And at the end of the debate, Vance would not answer Walz’s direct question of whether Trump indeed lost the 2020 election.
Vance stays on a limb on Jan. 6 insurrection
The candidates went out of their way to be polite to each other until the very end, when Vance refused to back down from his statements that he wouldn’t have certified Trump’s 2020 election loss.
Vance tried to turn the issue to claims that the “much bigger threat to democracy” was Democrats trying to censor people on social media. But Walz wouldn’t let go.
“This one is troubling to me,” said Walz, noting that he’d just been praising some of Vance’s answers. He rattled off the ways Trump tried to overturn his 2020 loss and noted that the candidate still insists he won that contest. Then Walz asked Vance if Trump actually lost the election.

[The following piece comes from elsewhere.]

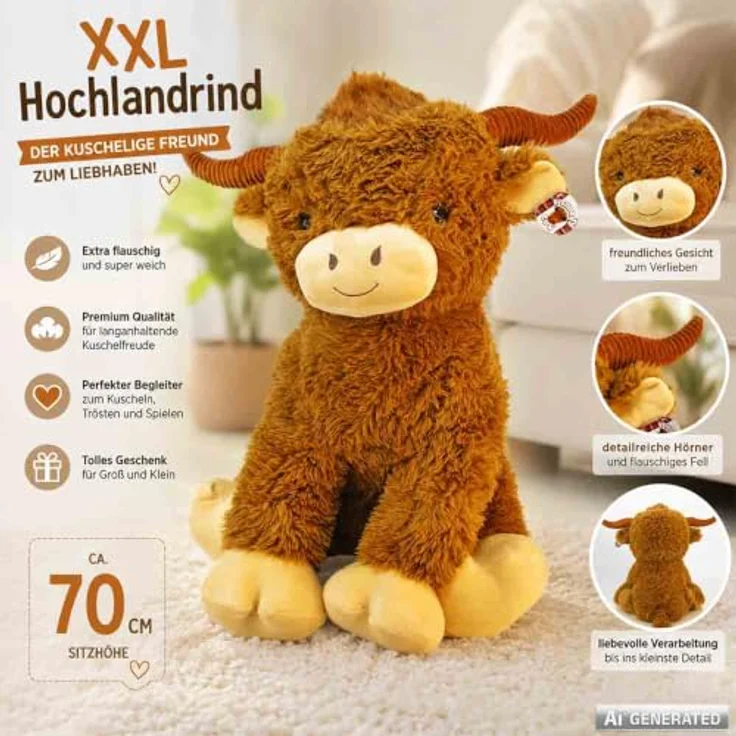 PMS Kuscheltier Hochland Rind XXL, ca. 70 cm, detailgetreues Plüschtier mit braunem Fell und stabiler Form – Bild 2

Vance responded by asking if Harris censored people.
“That is a damning non-answer,” said Walz, noting that Trump’s former vice president, Mike Pence, wasn’t on the debate stage because he stood up to Trump on Jan. 6, 2021, and presided over Congress’ certification of the former president’s loss.
“America,” Walz concluded, “I think you’ve got a really clear choice on this election of who’s going to honor that democracy and who’s going to honor Donald Trump.”
UMD political science professor, Dr. Kathryn Haglin shared her thoughts during WDIO News at Ten.
She told news anchor Darren Danielson that this debate turned out to be more civil than the presidential debate, and was therefore more informative.
“I think we saw a much more traditional debate tonight and probably one that’s a little more substantive than we’ve seen in the past,” Haglin said during our live broadcast. “And I think that’s probably what voters were interested in. So I think overall people probably got some decent information from this debate.”
Haglin also said that in many points during the debate, Walz showed a bright light on the State of Minnesota.
“As a viewer I was sitting there thinking like, wow, this feels like a advertisement for Minnesota. Walz was going over many uh Minnesota examples, talking about our businesses, our natural resources, all kinds of Minnesota references,” she said. “Any opportunity he got, it seemed like he was trying to work it in. I think people probably learned a lot about Minnesota politics and the State of Minnesota economy that they didn’t know about on a national level.”
Danielson’s last question to Dr. Haglin was, will this Vice-Presidential debate make any difference? She answered by suggesting it very well could help answer some questions people have about Walz and Vance.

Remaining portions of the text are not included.